LEv145 / --sd-webui-ar-plus

Select img aspect ratio from presets in sd-webui
51 stars 5 forks source link

The Calculated Dimensions are not ideal #21

Open altoiddealer opened 5 months ago

altoiddealer commented 5 months ago

Hello, thank you for this great extension.

I should probably revise this to say "the calculated dimension" in the singular, because it seems to only calculate one dimension based on the other.

Screenshot 2024-03-10 101708

Ideally, though, both dimensions would be calculated simultaneously in the same method that Stable Swarm calculates - see ResToModelFit()

The values that your extension sets right now are not the sizes that the base models and most finetunes are trained on.

In a nutshell: -The model's 'base res' (ei: 1024) is considered the median value, and the height/width are offset proportionately. -The values are rounded to the nearest multiple of 64.

I spent a bit of time implementing the identical logic in my discord bot (see update_size_option() section) for it to calculate all the different sizes for my /image** command.

Screenshot 2024-03-10 100718

They are calculated dynamically using the same calculation. However, all the models in Stable Swarm correctly include their base resolution in the metadata, so their function is always predictable and successful.
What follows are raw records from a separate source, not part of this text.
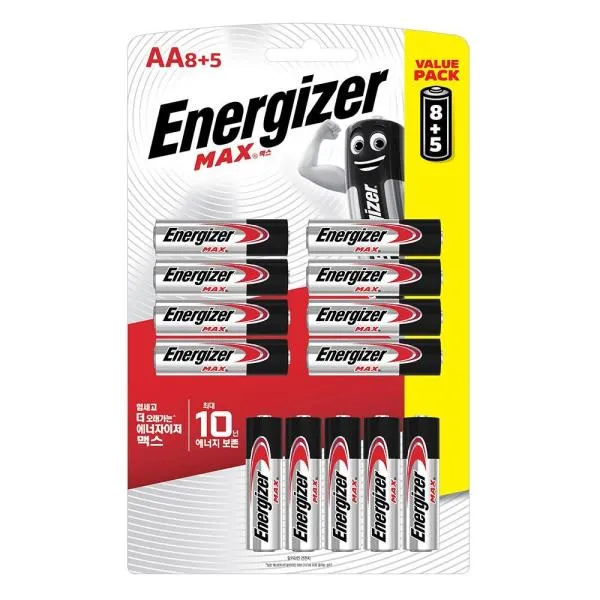 에너자이저 알카라인건전지-맥스 LR6(AA)13ps 1.5V 가격비교 규격표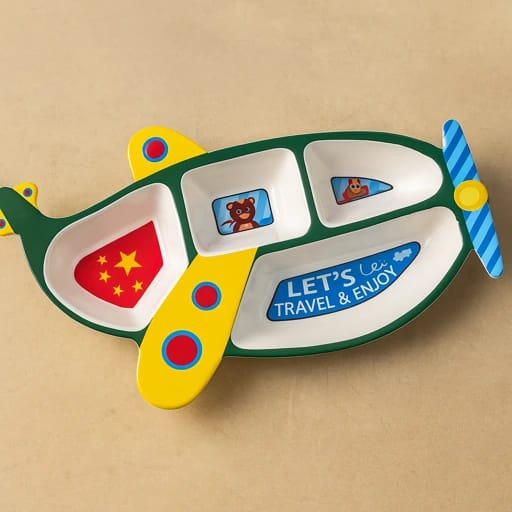 Airplane-Shaped Kids Partition Food Platter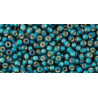 TOHO Rocailles 11/0 (#2027BDF) Frosted Silverlined Teal AB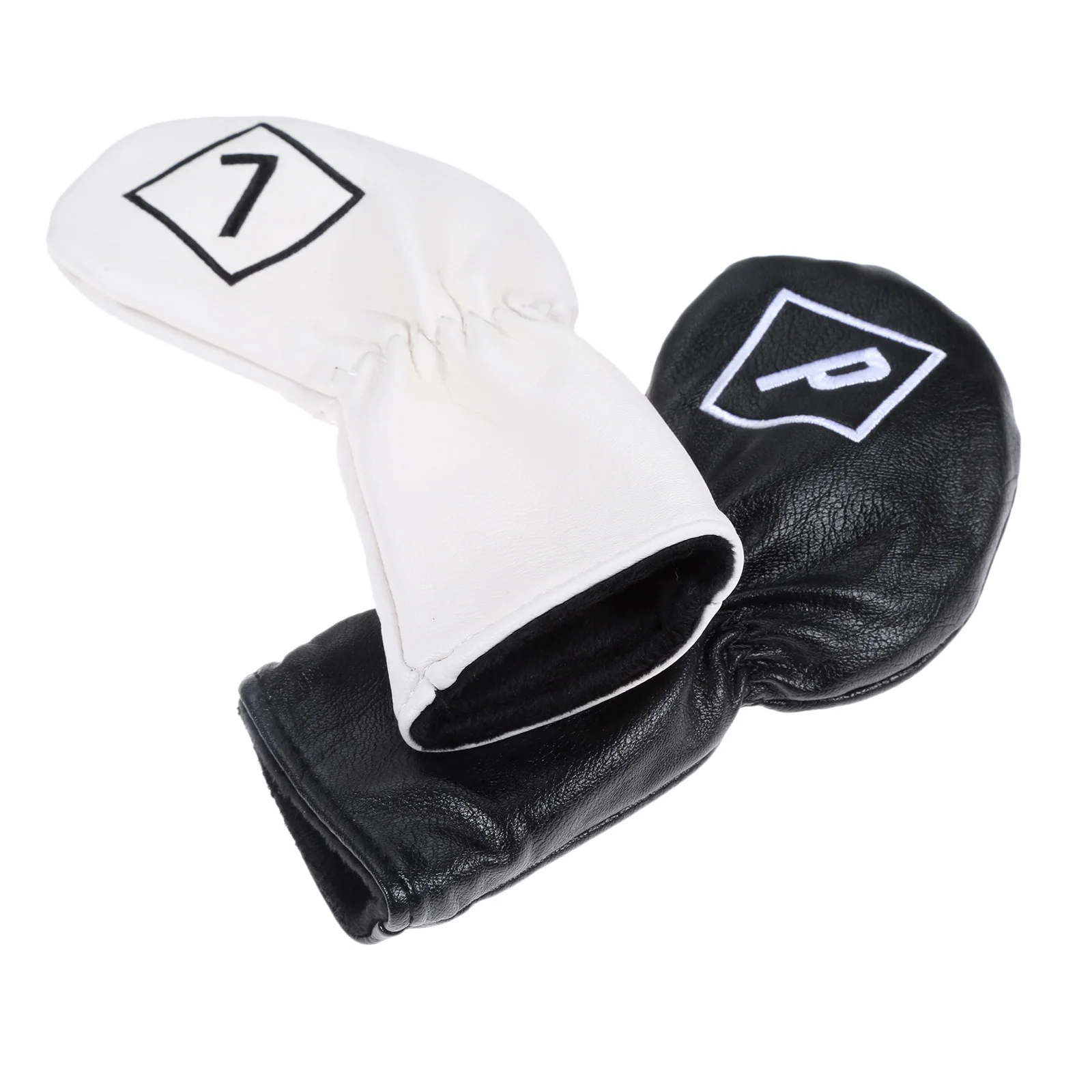 X Golf Equipment - ปลอกหุ้มหัวไม้กอล์ฟหนัง PU ชุด 10 ชิ้น/ชุด ปักหมายเลข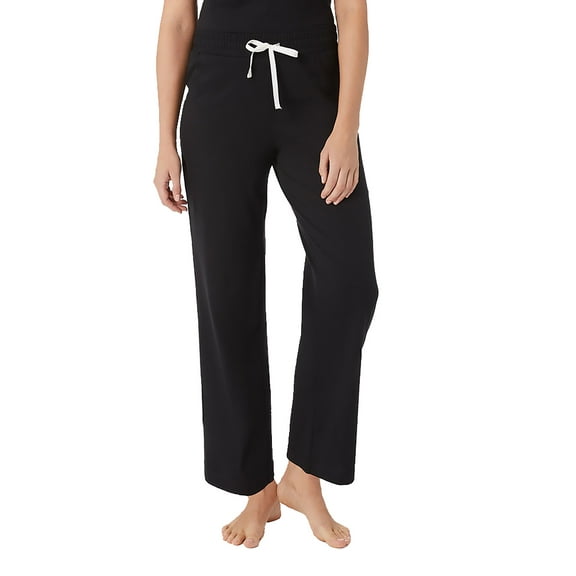 2 Pack 32 Degrees Women's Cool Lightweight Soft Cotton Sleep Pant - Black - XX-Large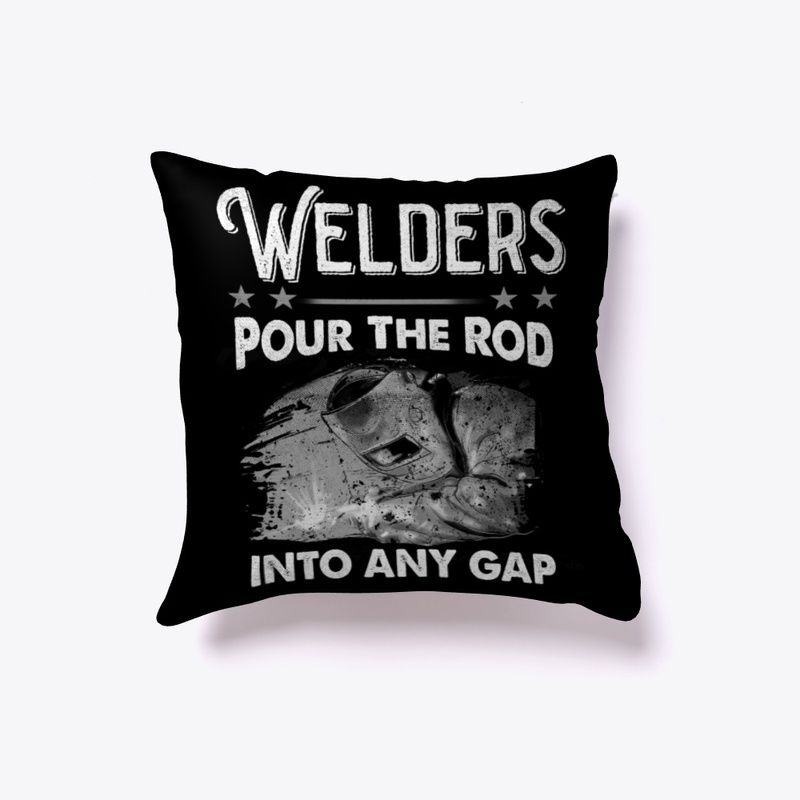 Welders Pour The Rod Into Any Gap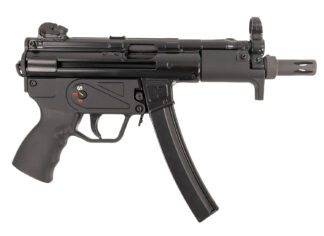 MAC 12750005 5K  9mm Luger 30+1 5.80" Black Phosphate Steel Threaded Barrel, Black Phosphate Optics Ready Receiver/Frame, Black Grip, Ambidextrous
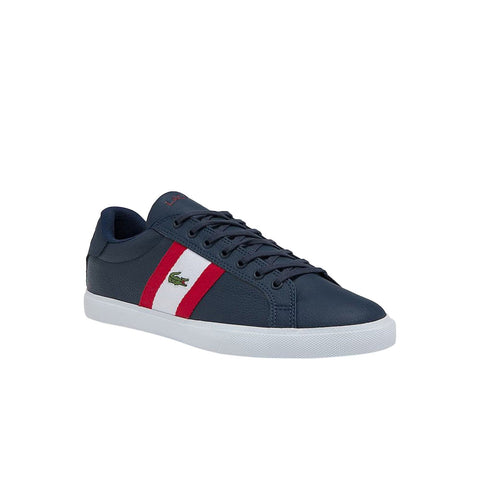 Lacoste Grad Vulc 120 2 P SMA Mens Blue Leather Lifestyle Sneakers Shoes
The majority of models on Civitai do not include the intended base resolution in the metadata.

My script assumes the "base resolution" as determined as the current base (Height + Width /2) - whatever these user settings may be.

This is how I recommend your extension should use as the input value - the sum of whatever the current Width/Height values are divided by 2.

I recommend that you consider implementing this approach, if possible!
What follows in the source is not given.